Go through the data and tally the lines that hold the string "image". Reply with the total alone.

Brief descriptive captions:
--------
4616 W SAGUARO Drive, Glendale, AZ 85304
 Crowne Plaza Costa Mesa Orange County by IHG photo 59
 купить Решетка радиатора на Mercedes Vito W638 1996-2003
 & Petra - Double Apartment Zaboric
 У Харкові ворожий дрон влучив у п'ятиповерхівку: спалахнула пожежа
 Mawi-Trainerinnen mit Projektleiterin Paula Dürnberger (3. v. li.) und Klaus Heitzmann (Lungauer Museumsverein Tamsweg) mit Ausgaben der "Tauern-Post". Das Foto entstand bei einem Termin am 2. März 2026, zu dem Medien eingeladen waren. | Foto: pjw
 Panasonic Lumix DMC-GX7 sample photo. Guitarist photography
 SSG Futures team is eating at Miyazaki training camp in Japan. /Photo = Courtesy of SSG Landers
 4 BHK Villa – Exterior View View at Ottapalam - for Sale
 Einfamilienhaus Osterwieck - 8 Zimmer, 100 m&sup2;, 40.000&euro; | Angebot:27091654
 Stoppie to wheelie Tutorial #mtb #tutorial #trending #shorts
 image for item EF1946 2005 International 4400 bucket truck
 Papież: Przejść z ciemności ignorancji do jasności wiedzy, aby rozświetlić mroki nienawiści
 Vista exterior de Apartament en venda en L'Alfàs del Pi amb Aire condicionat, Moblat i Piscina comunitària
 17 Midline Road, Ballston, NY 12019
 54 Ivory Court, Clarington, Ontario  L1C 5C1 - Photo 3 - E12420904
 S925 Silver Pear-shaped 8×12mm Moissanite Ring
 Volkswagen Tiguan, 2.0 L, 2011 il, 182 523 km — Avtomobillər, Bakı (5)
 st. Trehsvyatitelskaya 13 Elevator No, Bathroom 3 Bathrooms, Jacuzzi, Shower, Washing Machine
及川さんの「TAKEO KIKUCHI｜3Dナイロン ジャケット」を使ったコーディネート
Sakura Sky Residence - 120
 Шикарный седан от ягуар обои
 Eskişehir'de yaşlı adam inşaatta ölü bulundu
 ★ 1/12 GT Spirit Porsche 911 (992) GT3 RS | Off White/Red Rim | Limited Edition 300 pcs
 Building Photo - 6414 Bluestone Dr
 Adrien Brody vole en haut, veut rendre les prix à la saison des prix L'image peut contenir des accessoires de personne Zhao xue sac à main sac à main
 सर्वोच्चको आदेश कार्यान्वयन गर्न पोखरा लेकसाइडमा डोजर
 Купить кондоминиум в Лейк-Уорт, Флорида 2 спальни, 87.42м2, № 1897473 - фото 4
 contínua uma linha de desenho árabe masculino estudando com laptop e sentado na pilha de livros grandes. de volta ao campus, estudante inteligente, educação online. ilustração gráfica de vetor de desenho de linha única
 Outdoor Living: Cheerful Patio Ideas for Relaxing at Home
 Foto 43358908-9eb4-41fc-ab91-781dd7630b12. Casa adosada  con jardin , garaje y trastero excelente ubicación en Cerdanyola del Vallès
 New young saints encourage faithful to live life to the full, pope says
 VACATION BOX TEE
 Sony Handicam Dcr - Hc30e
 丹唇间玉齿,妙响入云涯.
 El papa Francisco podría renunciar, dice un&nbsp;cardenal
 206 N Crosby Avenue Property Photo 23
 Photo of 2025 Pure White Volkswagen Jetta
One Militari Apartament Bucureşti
--------
Reply: 2